HANOI: Anti-China protesters have set more than a dozen factories on fire in Vietnam in the biggest eruption of rage against Beijing for years over the deployment of an oil rig in contested waters.
China expressed “serious concerns” after Vietnamese workers looted goods and attacked offices on Tuesday in a rare outburst of public unrest in the authoritarian communist nation.
The protesters targeted manufacturing companies that are owned or managed by Chinese as well as Chinese experts in Binh Duong province, the Vietnam Singapore Industrial Park said in a statement.
There were no reports of casualties but the violence forced several factories to temporarily suspend operations.
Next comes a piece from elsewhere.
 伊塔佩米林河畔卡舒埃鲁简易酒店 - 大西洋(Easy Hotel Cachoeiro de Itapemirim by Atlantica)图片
Many of the those affected were Taiwanese and South Korean-owned plants, possibly mistaken to be Chinese-owned.
Police detained 500 people “caught red-handed looting, stealing and setting fire to factories,” Le Xuan Truong of the Binh Duong police told Agence France-Presse.
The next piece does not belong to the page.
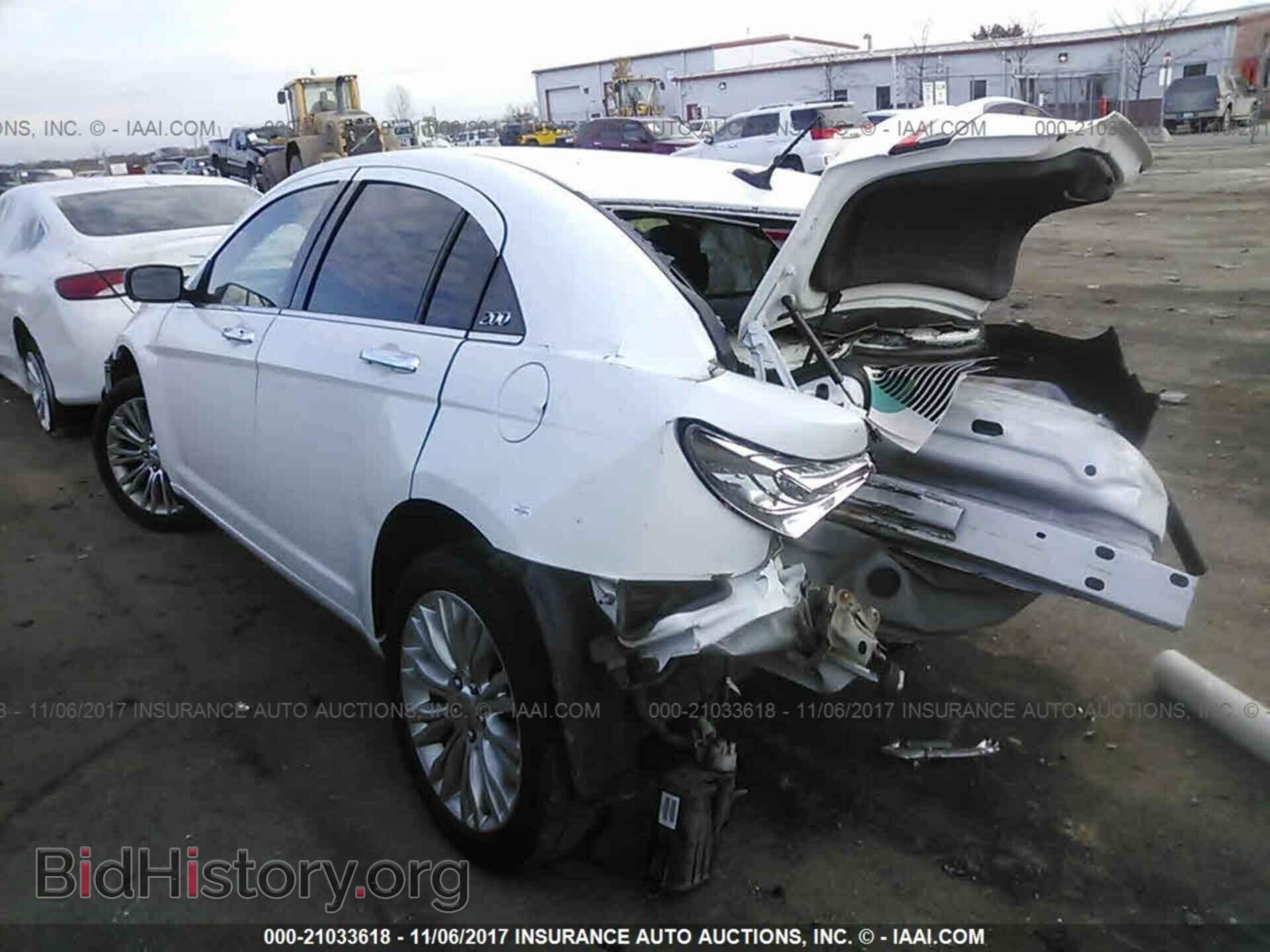 2014 Chrysler 200 - VIN: 1C3CCBCG0EN194536 - Photo 3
Hanoi usually tightly controls demonstrations but recently allowed mass rallies against Beijing.
The riots show the “hazards of nationalist fervor unleashed, particularly in repressive institutional environments such as Vietnam,” said Professor Jonathan London at City University of Hong Kong.
“Nationalist sentiment of the intensities we observe in Vietnam are difficult to manage from the top down,” London told Agence France-Presse.
Tens of thousands of workers poured onto the streets Tuesday and a small number of them began looting and attacking security guards and factory management before setting fire to at least 15 factories, the state-run VNExpress website reported.
Videos and images posted on dissident blogs showed thousands of workers—many waving the Vietnamese flag—destroying factory gates, smashing windows and damaging offices.
Export-orientated manufacturing is a key pillar of Vietnam’s economy with high-profile firms from electronics giants such as South Korea’s Samsung to US sportswear companies Nike and Adidas producing goods in Vietnam.
A number of Taiwanese, Japanese and South Korean businesses have reportedly temporarily shut their plants and given workers time off, hanging Vietnamese flags outside their business in a bid to deter looters.
“We made the decision to give our people a day off today as the situation is pretty tense in Vietnam right now,” Jerry Shum from Taiwanese footwear manufacturer Yue Yuen told AFP.
“We decided it was the best way to protect our people and premises from any serious damage,” said the Hong Kong-based head of investor relations for the company, which supplies to brands such as Nike and Adidas and employs around 100,000 people in Vietnam.